Enriched Sequence Labeling for Numeral Classification - NTCIR-14 FinNum Task - Fortia
Data Science
Abderrahim Ait Azzi Abderrahim Ait Azzi
28 June 2019

Enriched Sequence Labeling for Numeral Classification – NTCIR-14 FinNum Task

This article describes our submission to the NTCIR-14 FinNum Shared Task on Fine-Grained Numeral Understanding in Financial Tweets.

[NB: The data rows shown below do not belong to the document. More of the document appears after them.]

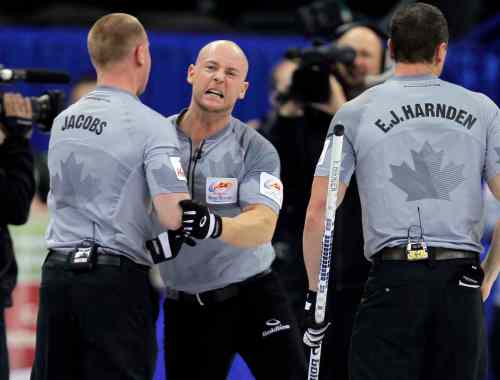 BORIS MINKEVICH / WINNIPEG FREE PRESS
Ryan Fry (centre) has a similar intensity to teammates Brad Jacobs (left) and E.J. Harnden, as was evident after their win over Kevin Martin Thursday.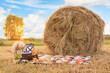 Picnic in nature in a field near a round haystack, photo zone decoration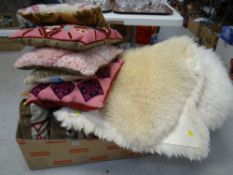 Three sheepskin rugs and sundry tapestry cushions etc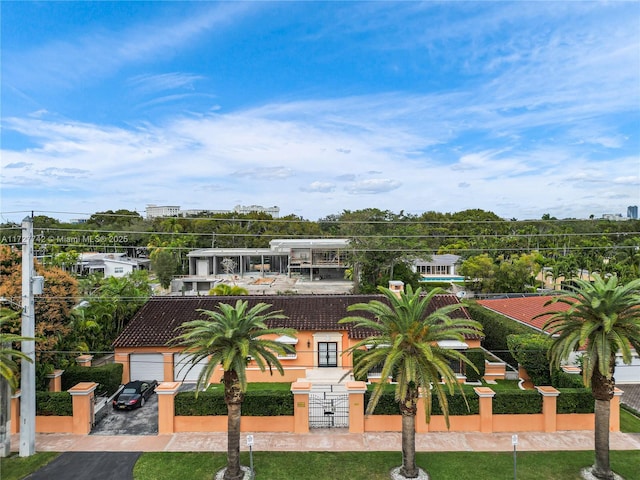 view of front of property featuring a garage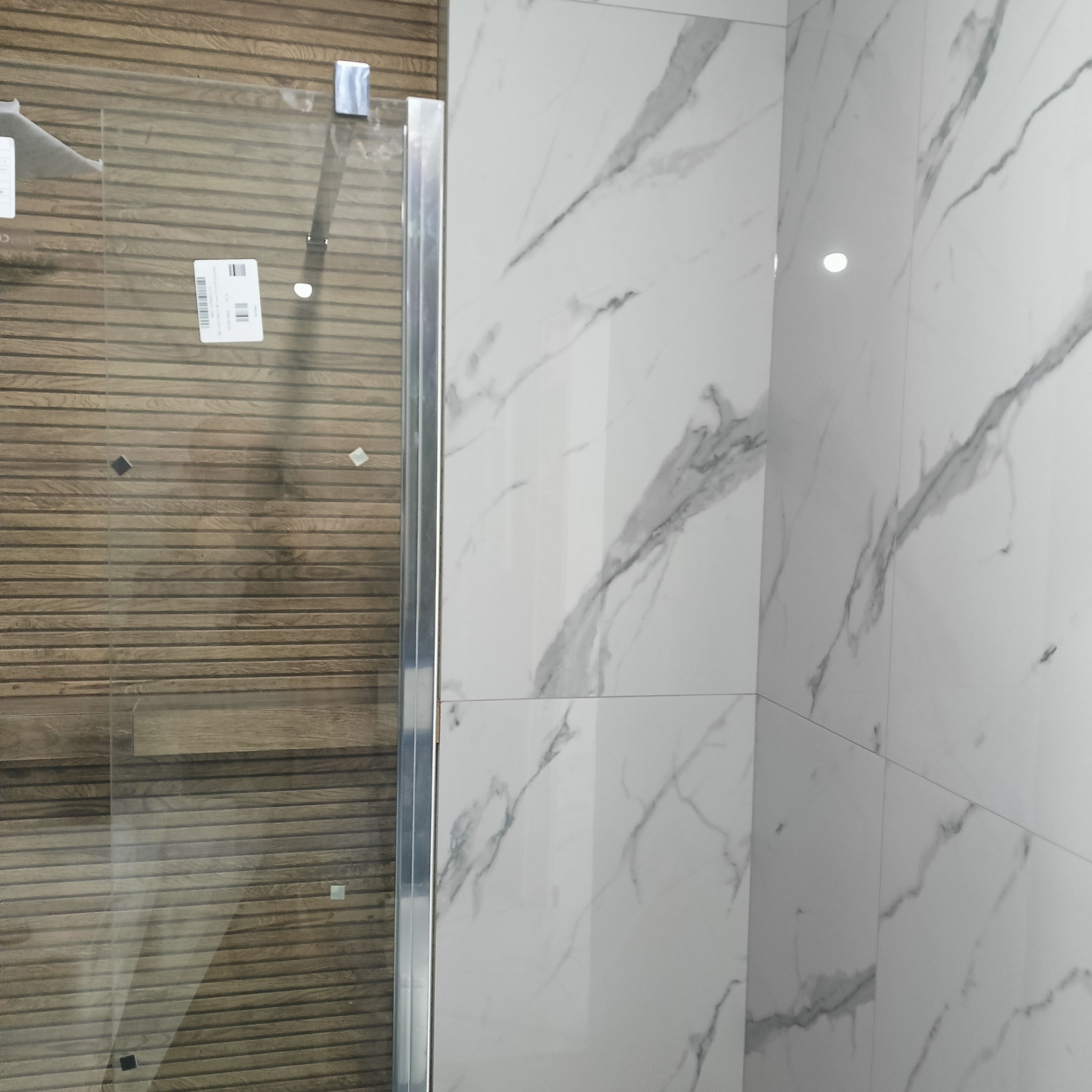 Wykończona kabina prysznicowa z marmurowymi płytkami i drewnopodobną okładziną. Nowoczesny design, minimalistyczne wykończenie.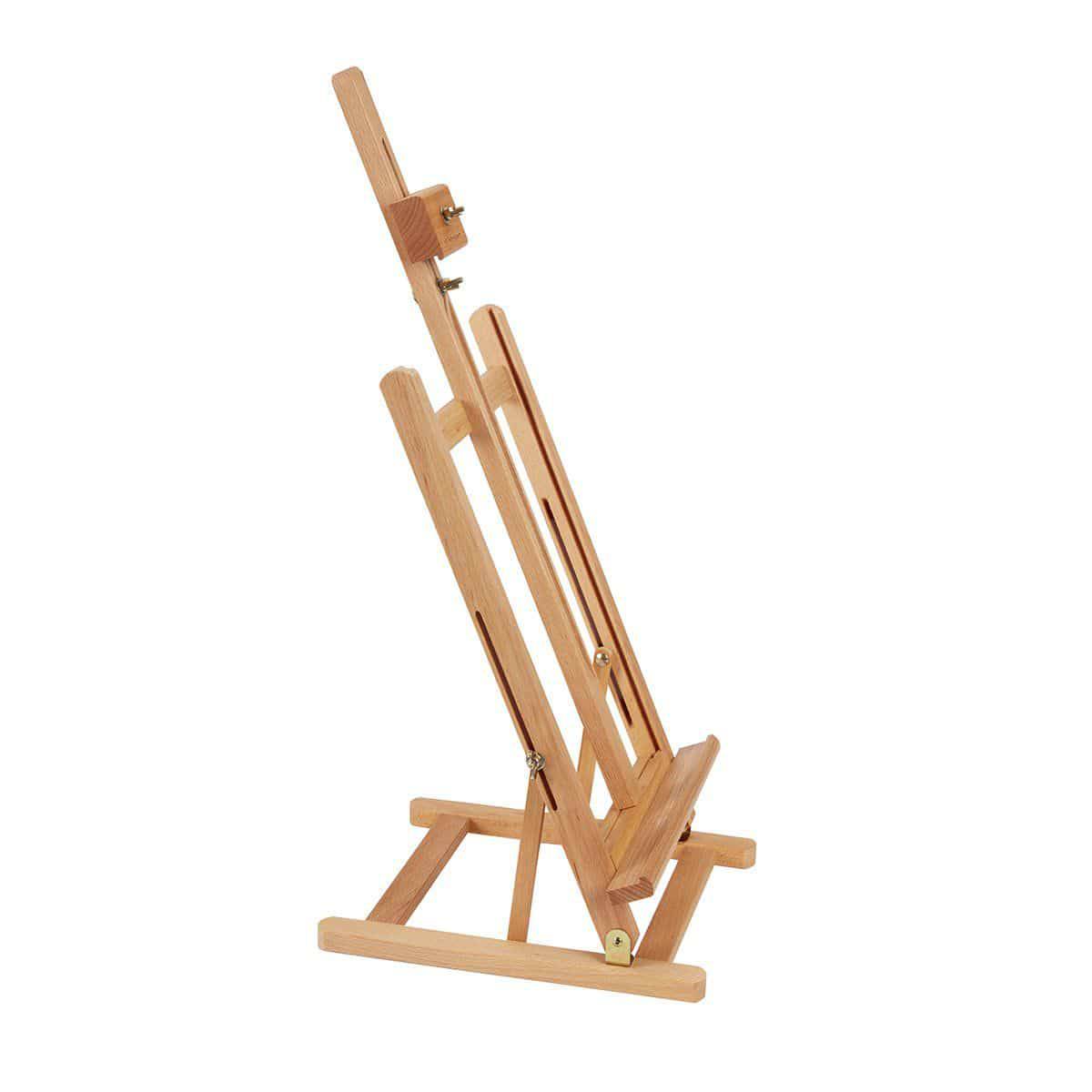 Wooden artist's easel on a white background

The growing popularity of social media and user-created content is producing massive quantities of textual information. The popular micro-blogging service Twitter is one particularly fruitful source of such kind of user-created content.1 Twitter has been playing an increasingly important role for individuals to share their own opinions on many finance-related topics and services. It provides a real-time information channel that includes not only major news stories but also minor events that, if properly analyzed, can provide valuable information about the market. This motivated a series of research work to introduce various technologies to advance understanding of the financial market dynamics [15] ranging from sentiment analysis [12] to credit risk evaluation [7] and stock market movement prediction [9, 14], where behavioral finance researchers can apply computational methods to large-scale Twitter data to better analyze, understand and predict markets.
In stock market prediction, for example, numerals play an important role in forecasting the movement of asset prices based on the past market data. To predict the price trend, investors may use technical indicators calculated with history price or analyze price charts and look for the embedded patterns [1], [2].
The goal of the FinNum shared task is to leverage the numeric opinions made by the crowd on Twitter by understanding the meanings of numerals. The shared task aims at classifying numerals into 7 main categories, and then into 17 subcategories (See Table 1). A dataset of financial tweets containing numeric values is provided. This dataset is compiled from StockTwits, a microblogging platform exclusively dedicated to the stock market.2
In this paper, we present our submissions to this shared task: we participate in both Subtask1 and Subtask2 with an enriched CNN based models (E-CNN). We formulate the problem as a sequence labeling task and design a hybrid approach where we use external linguistic and non-linguistic features to enrich word level representation within our CNN-based neural network. We describe our models as well as our experimental setups and report the results obtained for both subtasks on the Development and Test sets. Our models are ranked first in both subtasks with a micro-averaged F1 score exceeding 93% for Subtask-1.

FinNum Task Definition

FinNum shared task consists in classifying numerals in financial tweets into a set of predefined categories and subcategories. Two classification Subtasks are proposed: (i) Subtask-1, a 7-way classification task covering 7 numeral categories and (ii) Subtask-2, where the classification is extended to include 17 numeral subcategories.3
Table 1 shows Subtask-1 categories and their associated subcategories, as well as the distribution of each category and subcategory in the training dataset.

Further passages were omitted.